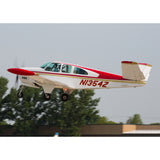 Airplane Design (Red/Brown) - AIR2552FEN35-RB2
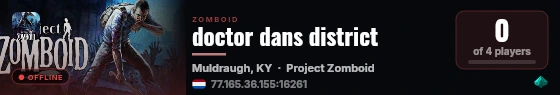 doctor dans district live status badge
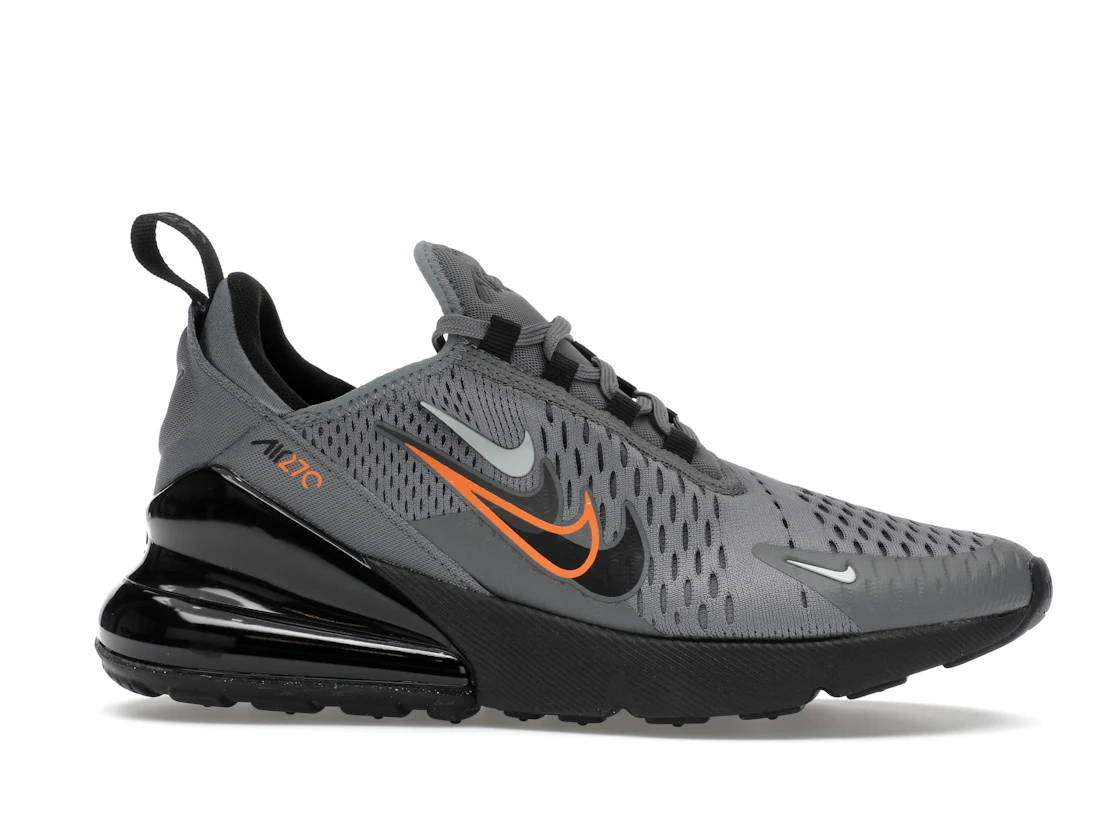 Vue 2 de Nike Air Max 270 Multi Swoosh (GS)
==
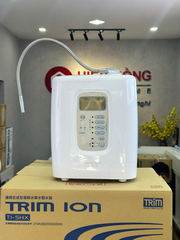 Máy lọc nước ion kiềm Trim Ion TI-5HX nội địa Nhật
--
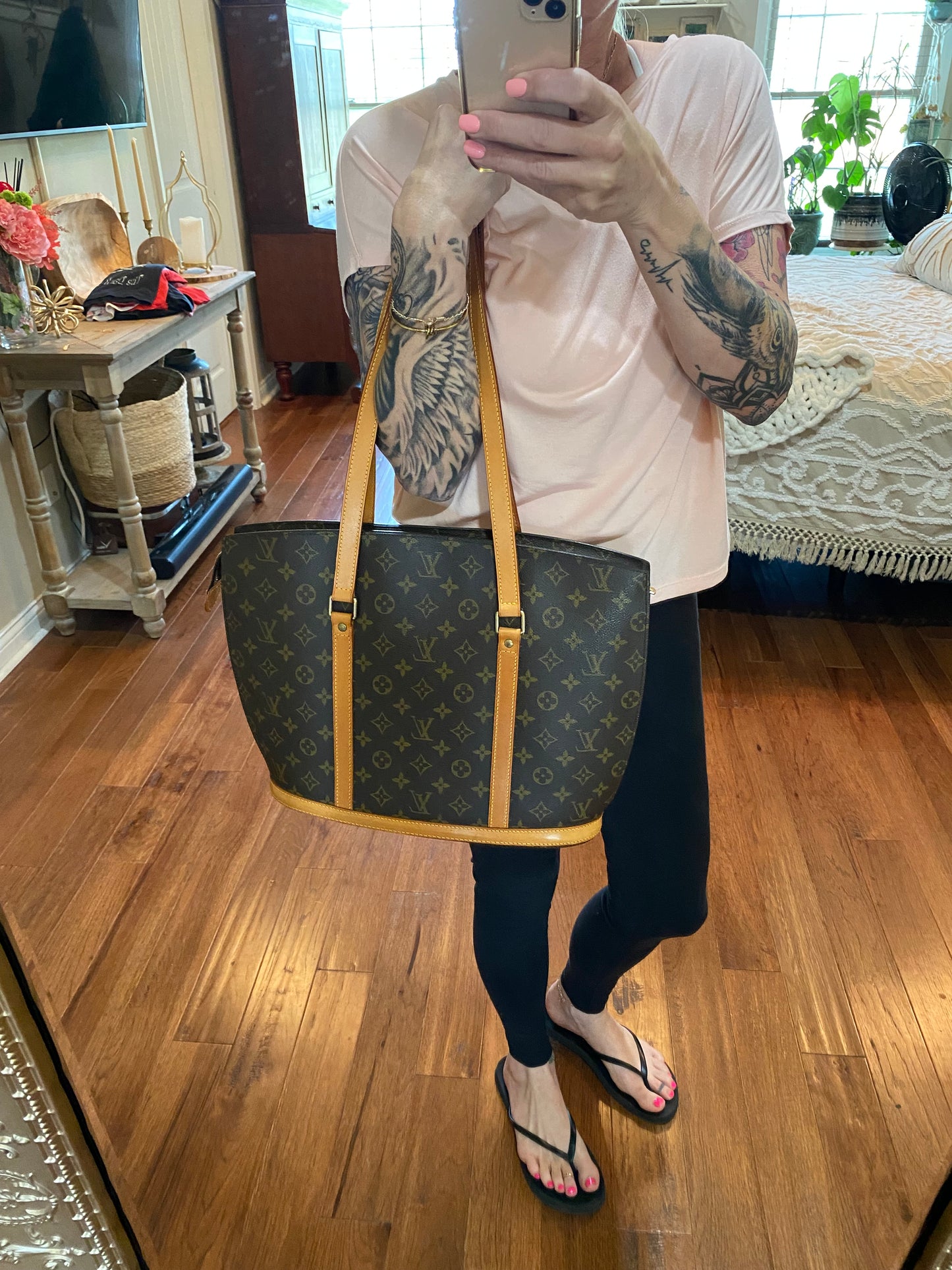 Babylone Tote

* _Aim of the task_
Your answer must be everything above from the line with "doctor dans district live status badge" down to the line with "Vue 2 de Nike Air Max 270 Multi Swoosh (GS)", word for word, and no pictures.

* _Completed task_
 doctor dans district live status badge
 Vue 2 de Nike Air Max 270 Multi Swoosh (GS)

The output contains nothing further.